Thursday, January 20, 2011

Unpacking Packer's Theology Part Two

Biblical Centrality and Turning Modern Culural Paradigmatic Assumptions on their Head

Packer’s overarching claim is “that Scripture sets before us the factual and moral nature of things” about the human condition. “God’s law,” in the most complete sense corresponds to “created human nature, so that in fulfilling his requirements we fulfill ourselves.” There is, according to Packer, “not a touch of authoritarianism [that] enters into his exercise of authority over us.”

That is because in fulfilling our relationship with God we attain the very purpose of life, which to miss is to miss a great deal. There is no surer pathway to this realization, however failing our efforts may be, Packer argues, than through a full and comprehensive appreciation and application of the Bible as the place where God most thoroughly and unequivocally speaks. The precepts of faith as disclosed in and through the Bible “are not in themselves unreasonable, but they are above reason; they terminate in mysteries which the human mind can express only as paradoxes.” As he further explains:

"Reasoning may prepare the mind for faith in these truths [as revealed], by showing their meaning and biblical basis, their congruity with the total biblical outlook and the known facts of life, and the weaknesses of objectives made to them; but reasoning alone cannot produce faith, for faith goes further than reason could take it.
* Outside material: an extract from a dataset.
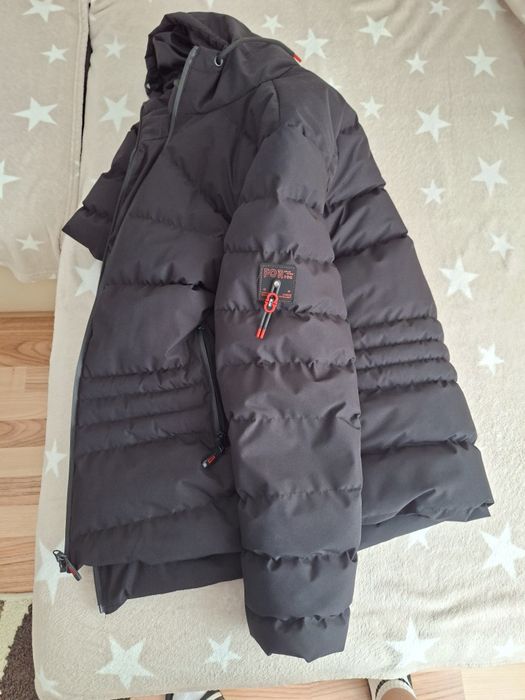 Vând geaca bărbați nouă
Reasoning at best could only suggest probability, but the nature of faith is to be certain. Any measure of doubt or uncertainty [even in my unbelief] is not a degree of faith, but an assault upon it. Faith, therefore, must rest on something more sure than an inference of probability."

That something more is trust through faith, ultimately via the agency of grace that the truth of God is revealed in and through the Bible. The validity of such faith cannot “be demonstratively proved; for such proof is only possible in principle on the basis of an exhaustive understanding of its object.”
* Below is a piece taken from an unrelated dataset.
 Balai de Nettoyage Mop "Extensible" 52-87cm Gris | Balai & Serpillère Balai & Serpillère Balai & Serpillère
The negative corollary is that once:

"You give up the New Testament view of biblical inspiration—there is no limit on how far you will go in rejecting or relativizing biblical assertions. [That is because] there is no limit apart from your own arbitrary will. Protestantism’s current confusion is largely due to the way its teachers have fanned out at this point producing as many sub-biblical theologies as there have been thinkers to devise them."

Packer’s major concern is that once the Bible is surrendered as anything less than the disclosive word of God, every single tenet of faith, including God’s very being as a theocentric reality is open to radical revision, deconstruction, and re-mythologization. The Bible is far from exhaustive in its revelation of God. Nonetheless, Packer argues that it is the most substantial bulwark available in maintaining a foundational Christian stance based on its own revelatory cogency against the many intruding forces when “sound doctrine” (2 Tim 4:3) is replaced with other teachings.
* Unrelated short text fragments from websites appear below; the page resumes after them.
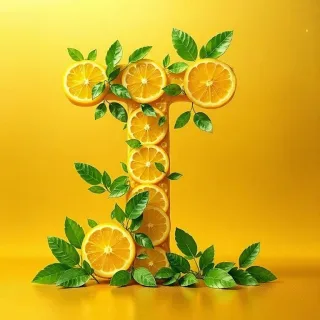 Lemon — litera T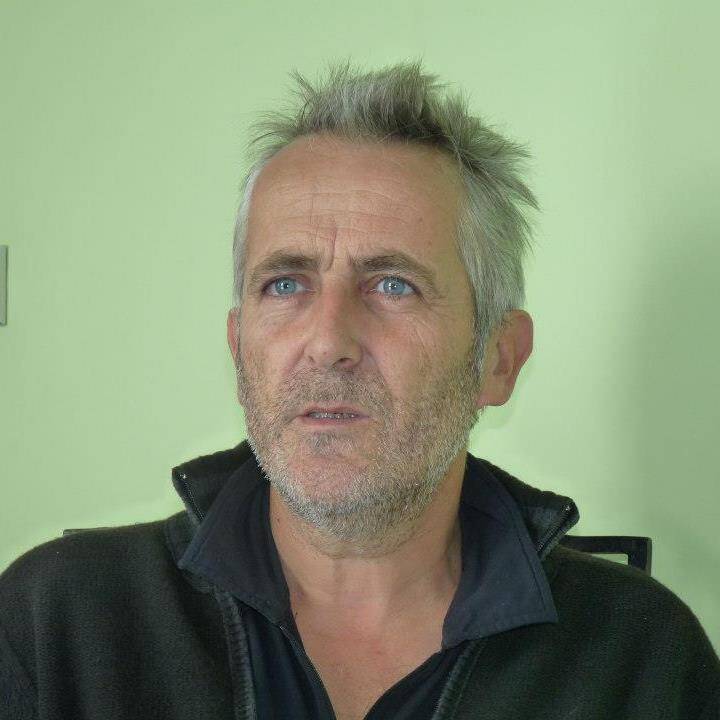 Patrick Menou - Consultant fonctionnel ERP Odoo - Chef de projet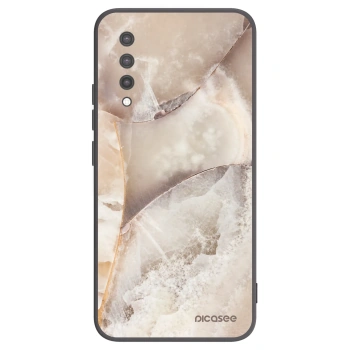 Ovitek za Xiaomi Mi 9 Lite - Cream marble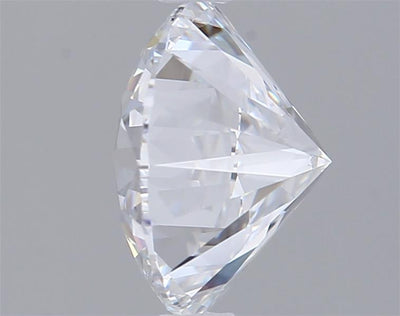 1.87 Carat Round Lab Diamond :: Greenstar spin frame 04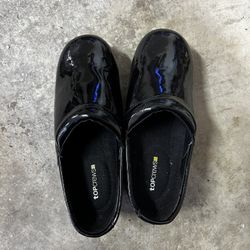 Shoes for Crew W Sz 8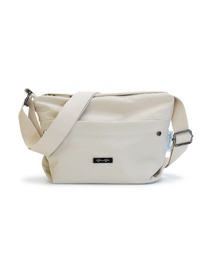 【BarcosBlue/バルコスブルー】ふんわり軽やかポリエステルショルダー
The quest for complete knowledge, which, as God’s creatures we neither need nor can expect to have, would be to be like God, the fundamental sin of Adam and Eve. Packer’s point is that Scripture is absolutely reliable for that which it is relevant, in the final analysis, the salvation of our souls and the reconciliation of the world even while shedding only partial knowledge of God’s revelation. For:

Scripture tells us what we need to know for faith and godliness. But at no point do we dare imagine that the thoughts about God that Scripture teaches us takes the full measure of his reality. The fact that God condescends and accommodates himself to us in his revelation certainly makes possible clarity and sureness of understanding. Equally certain, however, it involves limitation in the revelation itself. If we fail to acknowledge God’s incomprehensibility beyond the limits of what he has revealed, we shrink him in thought down in our size….It is certainly proper to stress that scriptural revelation is rational [a point missed in many mainline congregations]. But the most thoroughgoing Bible believers are sometimes like Job, to go on adoring God when we do not specifically understand what he is doing and why he is doing it.

As it has always been with the Bible, faith precedes knowledge and that which God does provide is often viewed as foolishness to the world (1 Cor. 1:27). There is no getting around the circularity and even scandal of this claim as the depths of “sound doctrine” are ever unfathomable in the riches of “the mystery which has been hidden from the ages and from the generations, but now has been revealed to His [highly flawed] saints” (Col. 1:26). It is this gospel and this gospel only to which we are to “be ready in season and out of season” (2 Tim: 4:2) to preach. This is the core and substance of Packer’s highly nuanced and very much orthodox theology of Scripture. Among much else his theology of Scripture has the capacity of serving as one critical resource among others in helping to refashion both evangelical and mainline Protestantism along the critical axis of its Reformation-based roots as the hermeneutical basis for a viable reconstruction in the current setting.